Fall 2025 Departmental Seminars & Lectures

During the Fall and Spring semesters, the Department of Biostatistics holds regular seminars on Thursdays, called the Levin Lecture Series, on a wide variety of topics which are of interest to both students and faculty. Over each semester, there are also often guest lectures outside the regular Thursday Levin Lecture Series, to provide a robust schedule the covers the wide range of topics in Biostatistics. The speakers are invited guests who spend the day of their seminar discussing their research with Biostatistics faculty and students. 

Many seminars this semester are Zoom, which are joinable via the link here or using Meeting ID: 963 2560 9671 & Passcode: 698339. Links are also available on the individual talk entries.

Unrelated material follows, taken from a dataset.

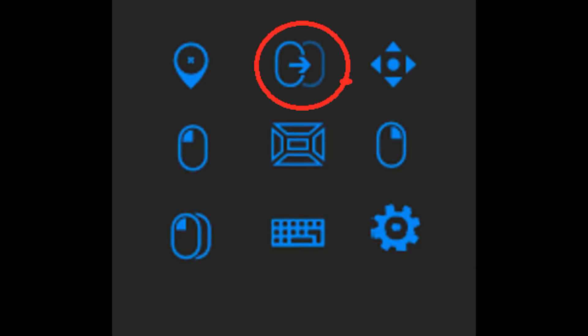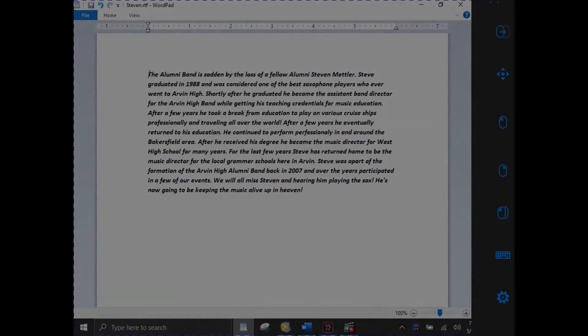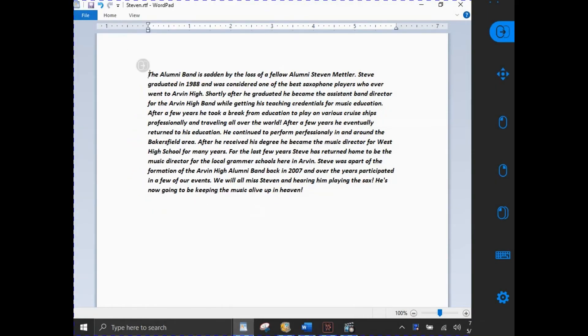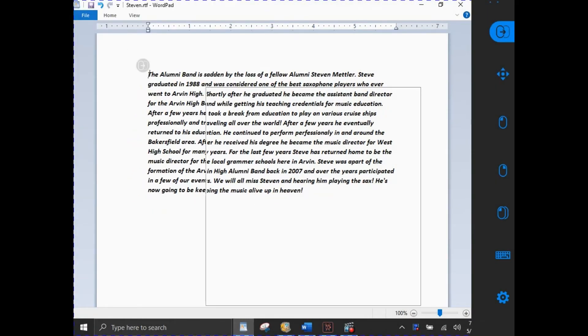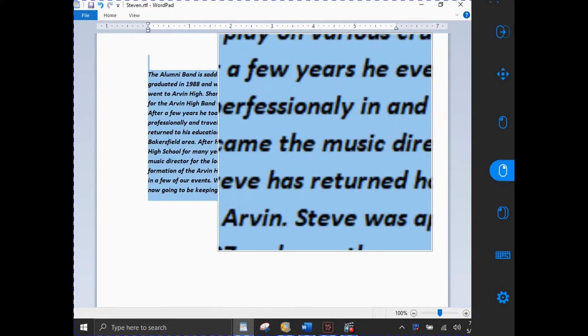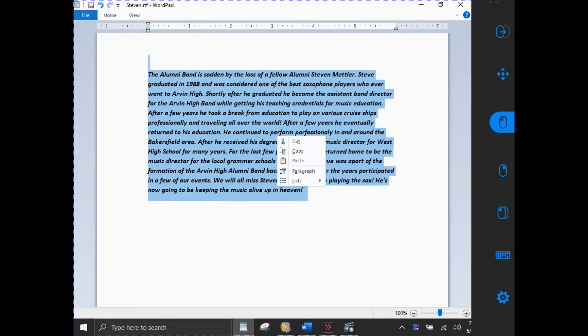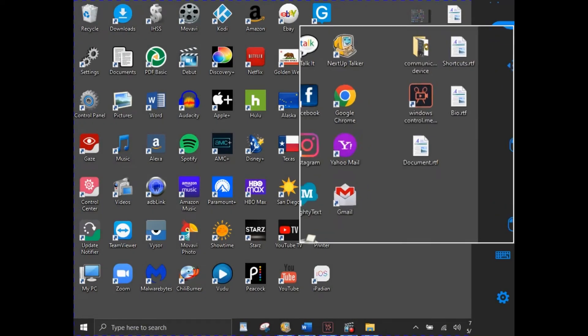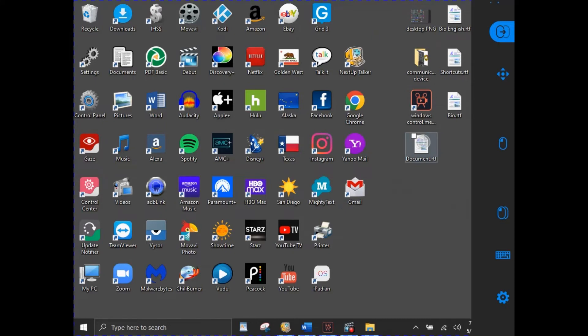The next icon is the highlight drag and drop icon. It looks like two ovals with a little arrow through them. You can use this feature to highlight an object or text — it's the same thing as holding the left computer mouse button down and highlighting, or to move files and folders to different locations. You can also highlight text to remove or relocate it.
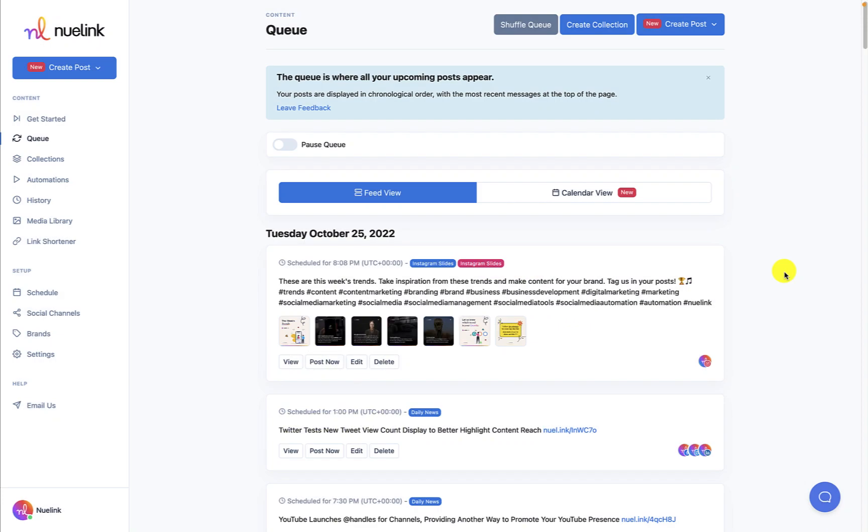Hello everyone and welcome to a new NueLink tutorial. Today we will guide you through the process of adding your social media posts to a collection. Before starting, make sure that you have connected your social media channels to NueLink.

In-Person seminars will have no zoom option.

Fall 2025 Schedule

Thursday, September 4th, Zoom, 11:45am
Levin Lecture 

James Zou, PhD
Associate Professor of Biomedical Data Science and, by courtesy, of Computer Science and of Electrical Engineering
Stanford University

Computational Biology in the Age of AI Agents

Abstract: 

AI agents—large language models equipped with tools and reasoning capabilities—are emerging as powerful research enablers. This talk will explore how computational biology is particularly well-positioned to benefit from rapid advances in agentic AI. I’ll first introduce the Virtual Lab—a collaborative team of AI scientist agents conducting in silico research meetings to tackle open-ended research projects. As an example application, the Virtual Lab designed new nanobody binders to recent Covid variants that we experimentally validated. Then I will present CellVoyager, a data science agent that analyzes complex genomics data to derive new insights. I will conclude by discussing limits of agents and a roadmap for human researcher-AI collaboration.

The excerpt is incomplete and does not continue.